Business Shutdowns Continue and Continue to Linger

A number of my posts this year have been about construction projects that have sprung up around the Orlando area. If you were to look at just the construction projects you'd think that the economy had turned a corner in Orlando. And you'd be wrong.

The economy is a lot more complex than a simple boom-and-bust cycle might indicate. While it's true that new projects are going up in transportation, retail and apartment residential, major retail stores are still closing, and many large retail stores that have been shutting down since the early 2000s are still closed. Economic recovery in Orlando is spotty at best.

Closed Super Target Exterior

This used to be a Super Target at Dorscher and West Colonial, a few blocks west of N. Hiawassee and West Colonial.

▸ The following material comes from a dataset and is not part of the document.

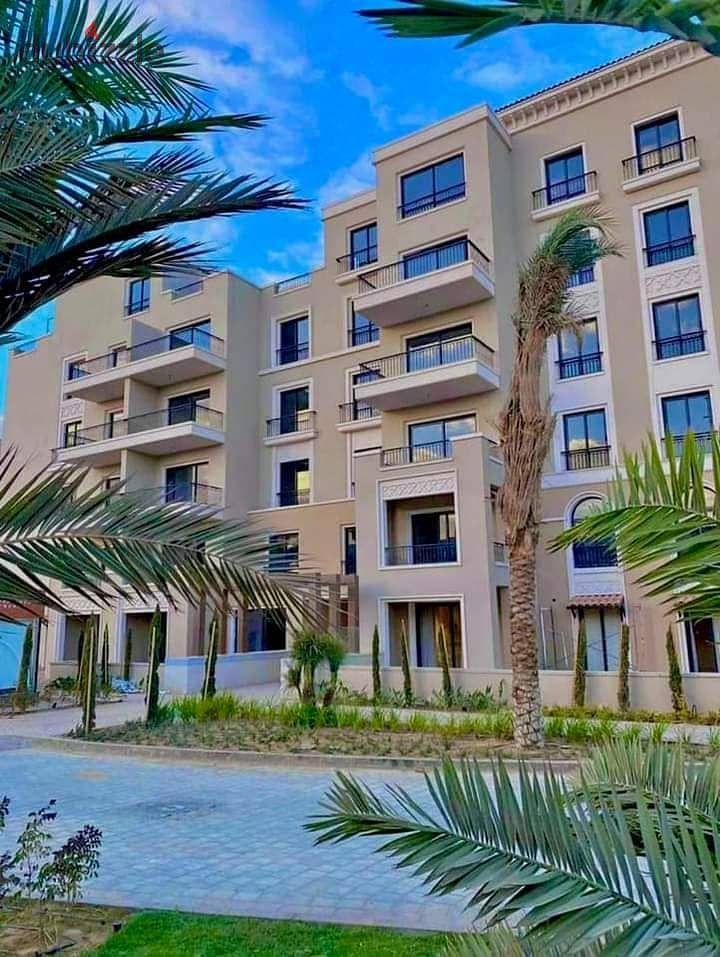 apartment for sale in Village West fully finished location inSheikh Zayed next to Cairo Gate Emaar 1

I'd shopped at this particular store last Christmas, and I headed over there today to look for plastic containers for a home project. When I got there my wife and I were both shocked to see the store as you see it now. I stopped, walked around to grab a few shots, and then went inside to look around.

Closed Super Target Exterior

Not much was left inside except for the fixtures, and damn little of those. Just about everything that could be taken out had been taken out, all the way out to the walls. While I was there I ran into a guy who was supervising the final removal of unsold fixtures and hardware. He told me that the store had been closed around the first of February because Target had built a new Super Target west in Winter Garden, and they'd converted the older Target store at Maguire and East Colonial across from Fashion Square Mall into a second Super Target. The guy made the observation that with those two stores nobody wanted to drive to that original Super Target, and the area couldn't support it, so they closed it. Merchandise and a portion of the store staff went to work at the other two stores.

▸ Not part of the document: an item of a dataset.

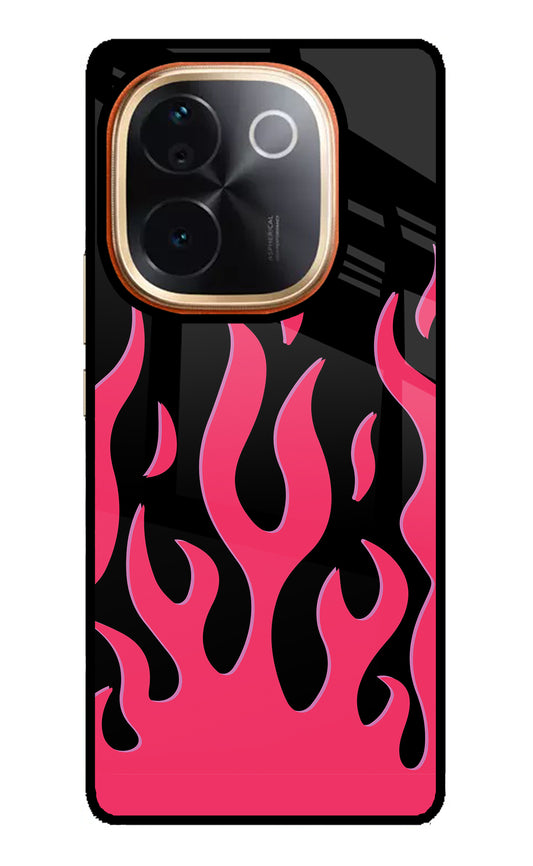 Fire Flames Vivo T3 Pro 5G Glass Case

Closed Super Target Interior

What is sad about this store is that at one time is was the sales leader in the area. It was also one of the first Super Targets to go in, right next door to the original Target. When it converted from Target to Super Target, the Burlington Coat Factory moved into the left half of the Target original store and a furniture store into the right half. The old store was that large.

Earlier Target, now Burlington Coat Factory
Former Service Merchandise, Long Since Closed

But the Super Target isn't the only store in that area that will now stand empty. At the far end of the original Target's shopping center are an old Service Merchandise that was closed in the very early 2000s and what started as a super-sized Goodings Grocery store right next to it. The Service Merchandise has never reopened as anything else, while the Gooding's reopened for a few years as an independent food market. It was closed again around 2005, and it's been shuttered ever since.

Former Gooding's Grocer, :Long Since Closed

Combine this will the still-shuttered Circuit City further west, and all the shuttered stores further west in West Oaks Mall (Broders, Chevy's, Toys 'R' Us, and in the future Best Buy) as well as many smaller stores, and you see a continuing economic blight around the section of town all up and down Colonial.

Orlando Gas Prices 7 April 2012

And then, of course, my obligatory weekend gas fillup at the Hess station close to home. Gas prices have been hovering between $3.80 and $3.98/gallon for regular. As soon as Labor Day hits those prices will march well past $4.00. I've read we could see $5.00/gallon gas this year. Will we? I have no idea, but it wouldn't surprise me. My wife and I need to get our next high MPG vehicle as soon as possible to minimize the impact.

Technical

Olympus E-P2 with Panasonic 14mm. Post processing done in Lightroom 4.